- Born: Christian de Leon Espiritu January 4, 1934 Parañaque, Philippine Islands
- Died: June 18, 2023 (aged 89)
- Occupation(s): Fashion designer, couturier to Imelda Marcos
- Spouse: Gliceria Limcaoco
- Children: Talitha Espiritu

= Christian Espiritu =

Filipino fashion designer (1934–2023)

Christian de Leon Espiritu (January 4, 1934 – June 18, 2023) was a Filipino fashion designer and couturier.

==Early life==

Christian Espiritu was born on January 4, 1934, to Eugenio Espiritu, a school principal, and Felicula Espiritu in Parañaque, Metro Manila.

Espiritu studied architecture at the University of Santo Tomas. He became a draftsman for Leandro Locsin before deciding to shift careers into fashion design.

==Career==
Espiritu was considered an important figure in redefining the Filipiniana attire and Filipino fashion along with a generation of designers that included Pitoy Moreno, Ben Farrales, Aureo Alonzo, Gilbert Perez, Rudy Dandan, Arturo V. Cruz, Emil Valdez, Ernie Arandia, and Casimiro Abad from the 1960s onward.

Espiritu gained renown mainly as the chief couturier of Imelda Marcos, who wore his gowns to state visits in the United States, Cuba, China, and during the 2,500th anniversary of the Persian Empire in Persepolis in 1971. He ran an atelier and a couture shop in Leon Guinto Street and then in Adriatico Street in Malate until the late 1980s.

In the 1980s he ventured into costume design for movies, designing wardrobes for actors Hilda Koronel, Sharon Cuneta, and Jay Ilagan.
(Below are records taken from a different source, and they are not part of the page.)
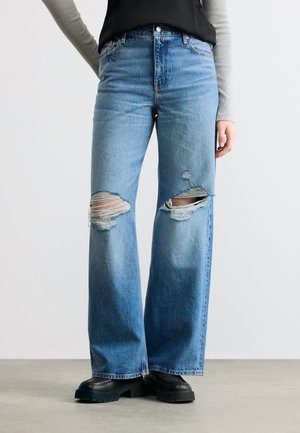 Άτομο που φοράει ανοιχτό μπλε, φαρδιά τζιν με σκισίματα στα γόνατα, μαύρα χοντρά παπούτσια, γκρι μακριά μανίκια και μαύρο τοπ.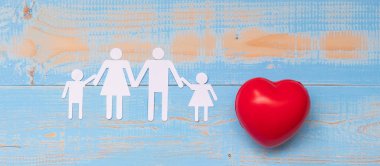 Aile kağıt mavi pastel renk ahşap arka plan üzerinde kırmızı kalp şekli. Sağlık ve sigorta kavramı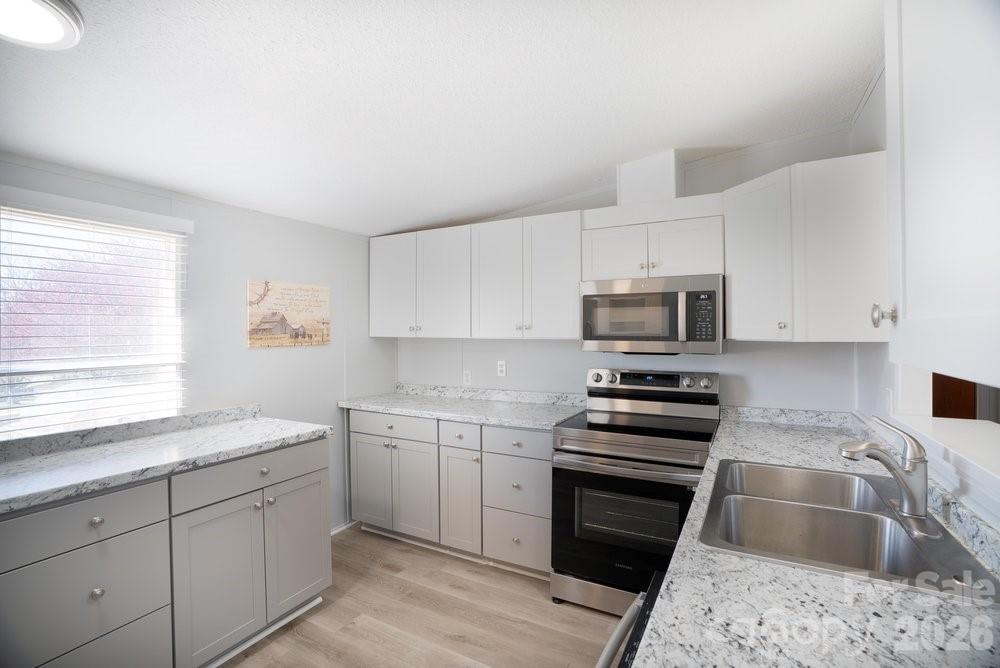 889 Tabor Road Olin, NC 28660 - Photo 9 of 34 a kitchen with stainless steel appliances granite countertop a sink dishwasher stove and oven with cabinets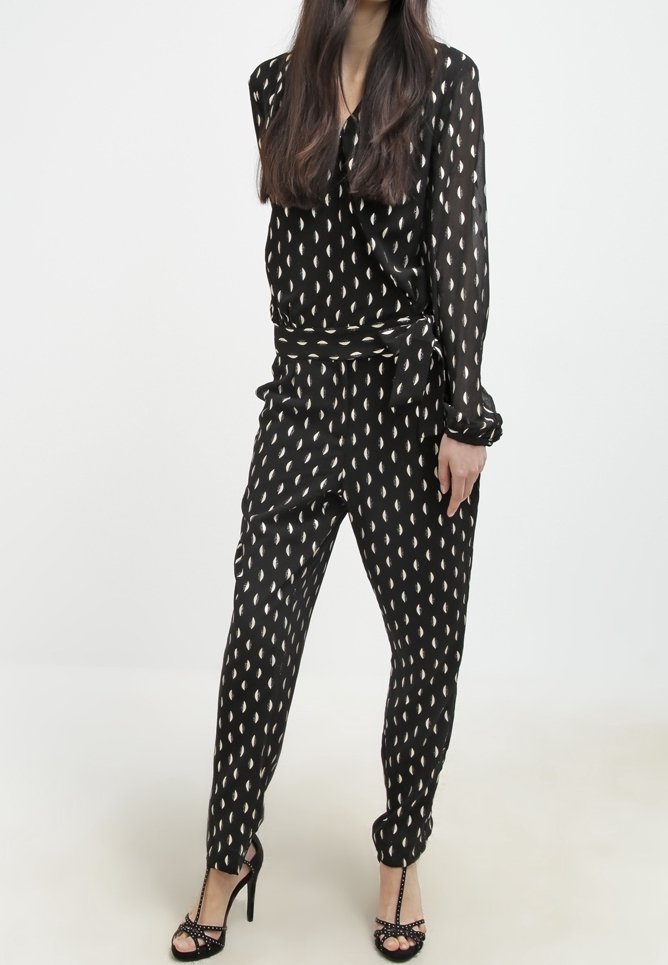 Femme portant une combinaison noire avec des motifs blancs en forme de feuilles, manches longues, taille nouée, et sandales noires à talons hauts à bout ouvert.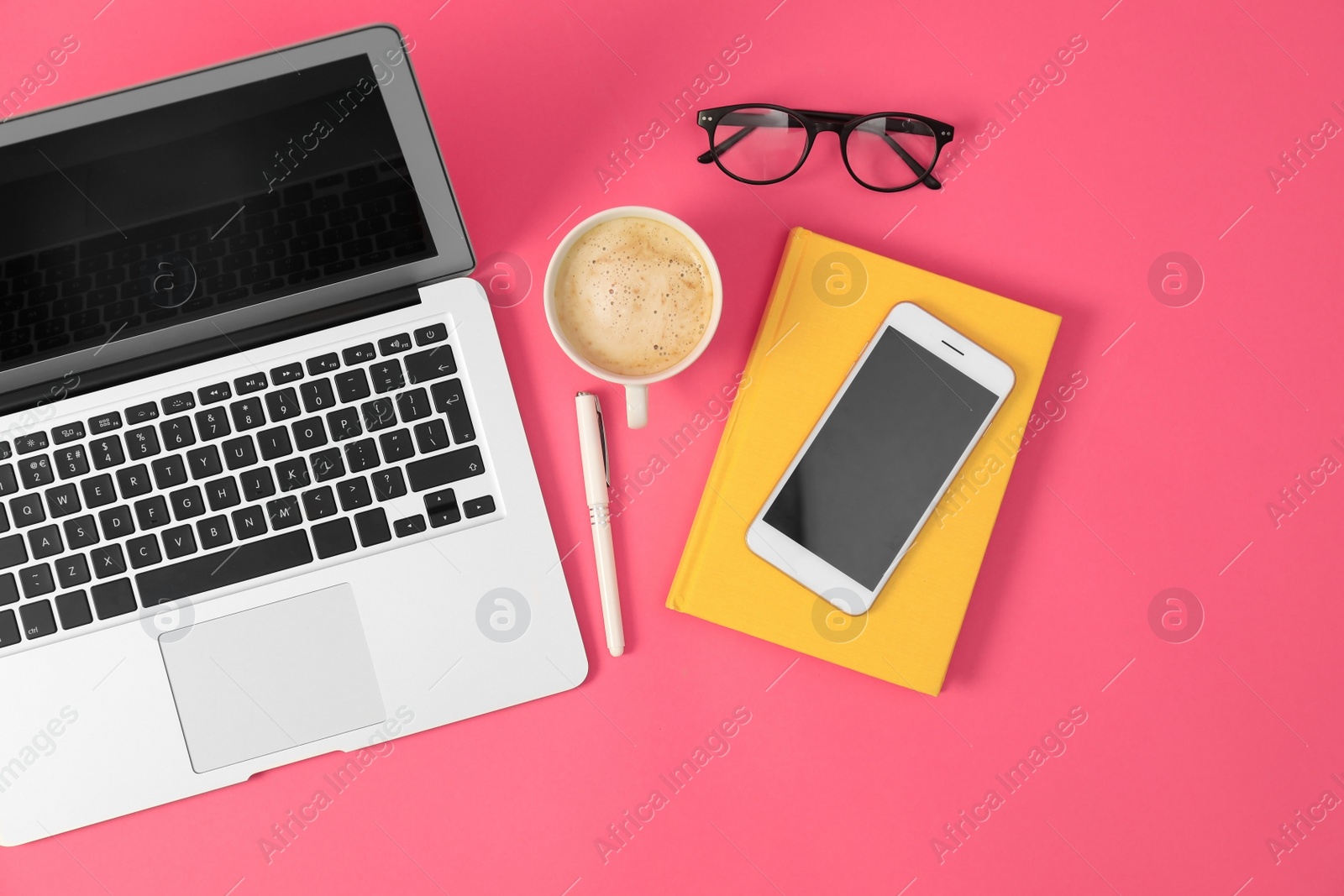 Photo of Flat lay composition with modern devices and office tools on pink background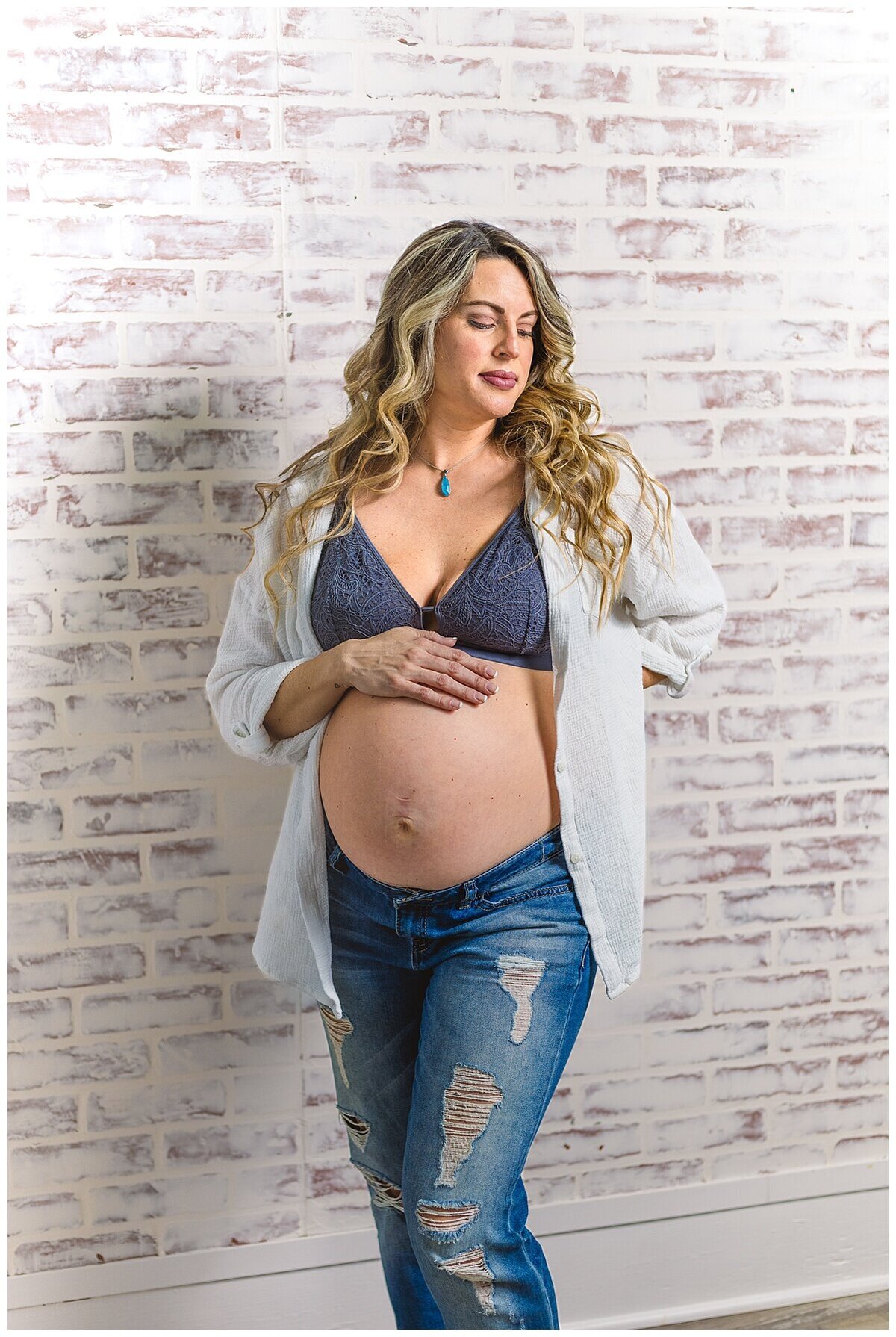 Mom to be showing off her beautiful baby bump in a cute top and jeans during a maternity photoshoot in studio in Wexford PA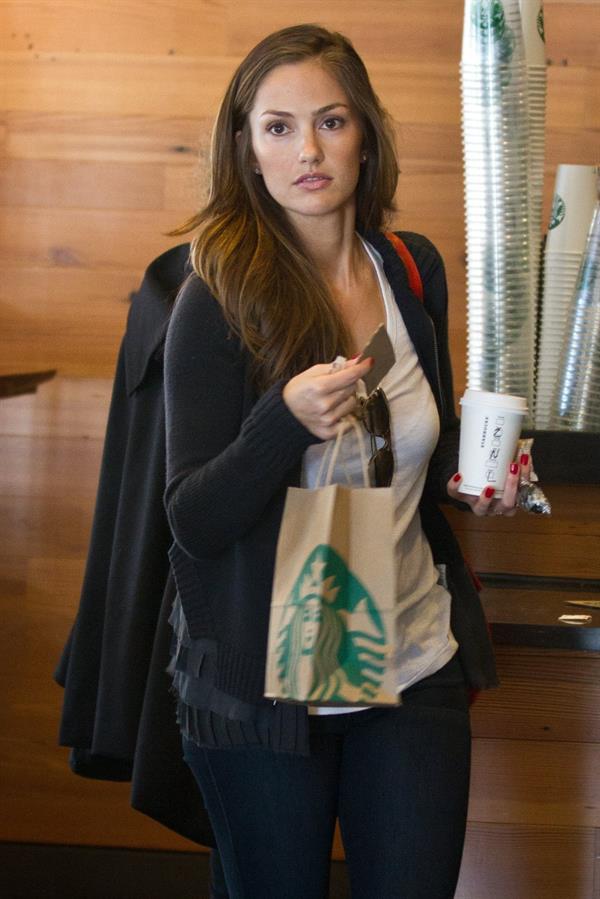 Minka Kelly outside her hotel with her morning Starbucks in New York City 8/2/2012 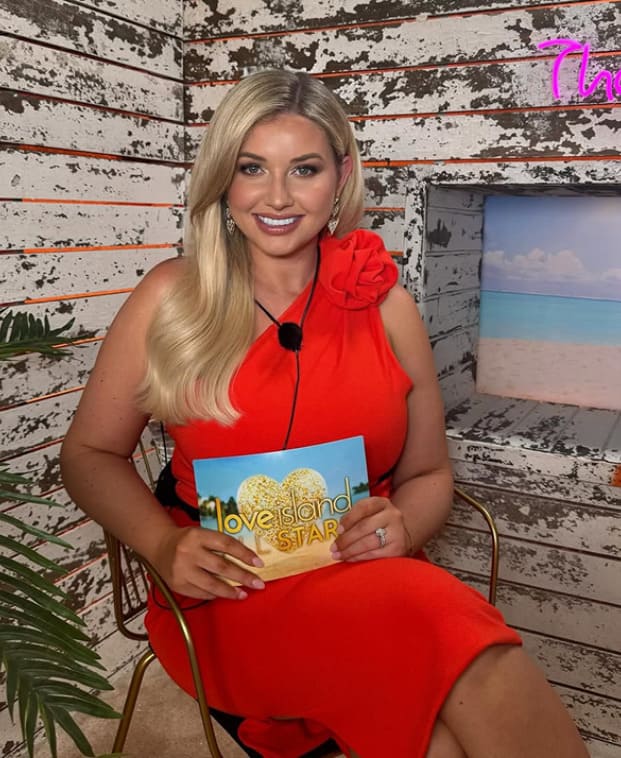 Woman in a red dress holding a 'Love Island' book against a rustic wooden backdrop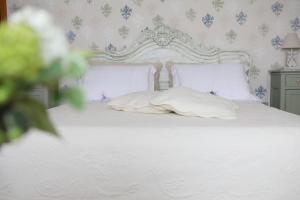 Postel nebo postele na pokoji v ubytování SALGE b&b RESIDENZA DI CHARME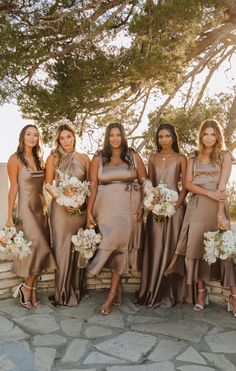 a group of women standing next to each other holding bouquets in front of a tree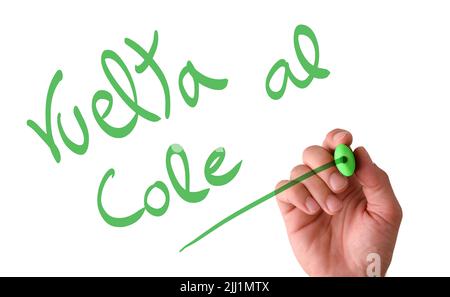 Scrivere a mano in aria sullo schermo Vuelta al cole con un marcatore verde con fondo bianco isolato Foto Stock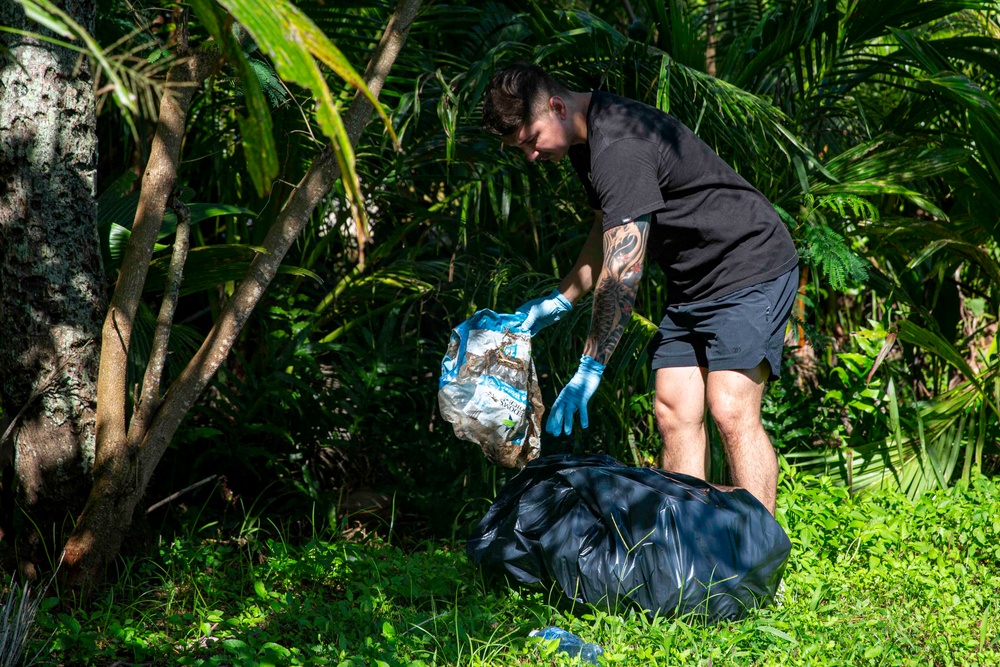 Sailors participate in a volunteer beach clean-up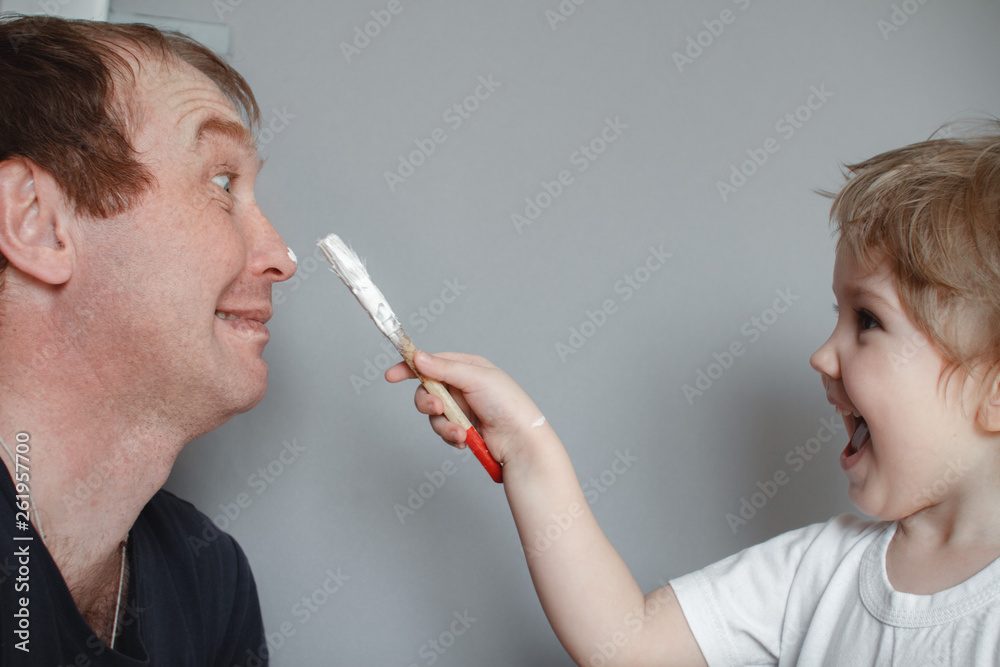 Obraz premium The concept of family. The child draws a brush on the nose of his father. Father and daughter at home having fun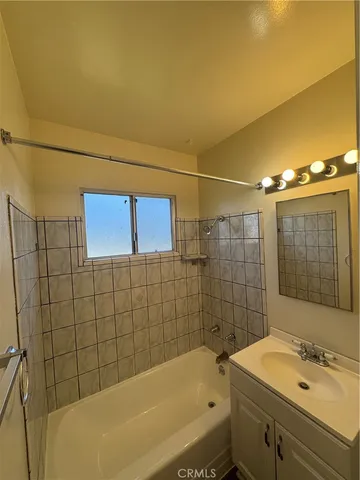 a bathroom with a sink and shower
He is credited as costume designer for Salawahan (1979, directed by Ishmael Bernal), Nagalit ang buwan sa haba ng gabi (1983), To Love Again (1983), Palabra de honor (1983), and Gaano kadalas ang minsan? (1982). He ventured into filmmaking with Alaga (1980) which he wrote and directed and starred Charito Solis and Edu Manzano.

Espiritu mentored Barge Ramos, Jojie Lloren, and Gang Gomez in his atelier. He said that he "hand-picked" the young Inno Sotto to be his apprentice after seeing him draw. Espiritu's long-time muse was Margarita "Tingting" de los Reyes-Cojuangco who was just in college when she started modeling for Espiritu. He would later make Tingting Cojuangco's wedding gown.

==Retirement==
Espiritu had a falling out with Imelda Marcos in the late 1970s as the former first lady started to scout for "fresh talent." He eventually cut ties with her and participated in the 1986 EDSA People Power Revolution. After four decades in the fashion scene which included a six-year stint as a fashion designer in New York City, Espiritu closed shop and became a columnist for The Philippine Star.

In 2003, he appeared in the Imelda documentary on Imelda Marcos, stating that so many women "got blind" making embroideries for the former first lady's clothes which were often ordered on short notice.

Espiritu died on June 18, 2023, at the age of 89.